Un beau matin, sur Facebook, il se peut désormais que quelqu'un publie cet article.
Mais oui, c'est bien Hodor, l'un des personnages de la série Game of Thrones, qui apparaît inlassablement dans les colonnes de site de BBC News. Seulement, en lieu et place de l'adresse habituelle du site, on trouve dans la barre d'URL cette adresse. Clone Zone permet donc à n'importe qui d'engendrer une réplique du site de la BBC, plus vraie que nature.
Le fonctionnement de Clone Zone est diaboliquement simple. Sur la page d'accueil, inspirée des couleurs de Google, il suffit d'entrer l'adresse URL de n'importe quel site web ne nécessitant pas d'identifiant. L'internaute se retrouve alors sur la page d'accueil. Jusqu'ici, tout est normal. C'est en passant la souris dessus que l'on s'aperçoit que des zones en vert s'affichent sous le curseur. Il suffit alors de cliquer sur n'importe quelle partie du texte - articles, rubriques, photos - pour tout modifier. Ça ressemble à l'original, mais en complètement malléable. L'envie de refaire la Une du Monde.fr ou du site du New York Times (avec ses titres longs comme le bras) n'est dès lors plus qu'une question de clics - et d'imagination.
Tordre la réalité, c'est drôle, mais ça fait aussi réfléchir sur la confiance qu'on accorde à ce qu'on lit, voit et entend au quotidien sur Internet. C'est en tout cas l'avis d'Analisa Teachworth et Slava Balasanov, les deux associés à l'origine de Clone Zone. Ils ont fondé 4Real, une agence de designers multimédia basée à New York.
Les deux créatifs se sont même offert le luxe - fictif- de se payer la Une de Techcrunch, ce média américain en ligne consacré aux nouvelles technologies, pour le 1er avril.

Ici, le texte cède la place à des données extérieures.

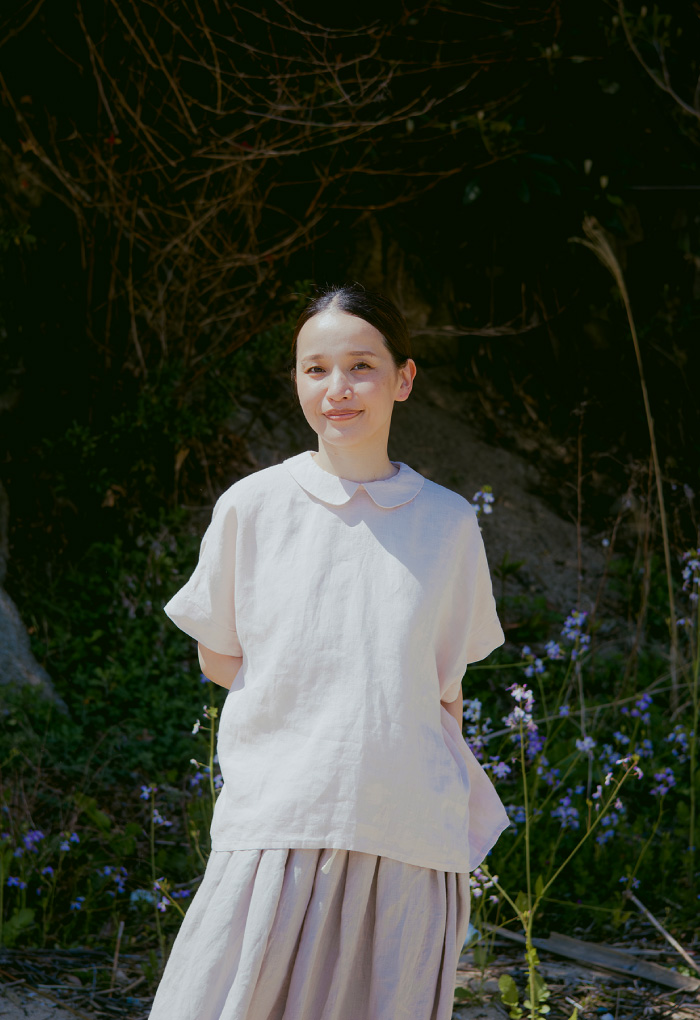 リトアニアリネンシャツカラーブラウス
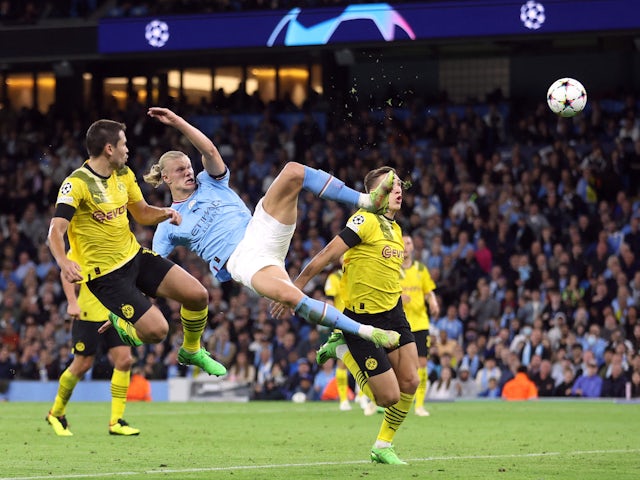 Erling Braut Haaland de Manchester City marque son deuxième but le 14 septembre 2022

«Le faux article a en fait été plus crédible que ce que nous avions anticipé, avec des "likes" et reposts à la pelle. Même deux semaines plus tard, on continue à nous féliciter de notre succès», explique Slava Balasanov dans un communiqué.
Après les sites d'infaux (The Onion aux Etats-Unis, le Gorafi en France), voilà que nous serions capables de produire des répliques de sites... Et donc, de les diffuser, les partager. La chose fait réfléchir sur les possibilités de duperies qu'elle induit. C'est un peu cela que veulent nous faire comprendre les créateurs de Clone Zone. «Plus il y a d'informations, plus la portée de notre attention se réduit, explique Slava Balasanov, par email. On n'a pas le temps ou l'énergie pour tout assimiler, donc on s'accroche à tout ce qui passe devant nos yeux sans le questionner. Clone Zone montre à quel point il est facile de créer et divulger de fausses informations sur les réseaux sociaux». Il poursuit : «Dès qu'on reconnaît une marque qu'on associe à une source fiable, on est davantage disposé à relâcher sa vigilance. En plus, les fils d'actualité sur les réseaux sociaux sont personnalisés pour faire apparaître ce que les algorithmes prévoient que nous allons «liker». Du coup, notre perception d'un fait avéré devient personnalisée, politisée, et malléable».
En attendant, Clone Zone a de quoi rendre fous les internautes, mais aussi toute la presse en ligne.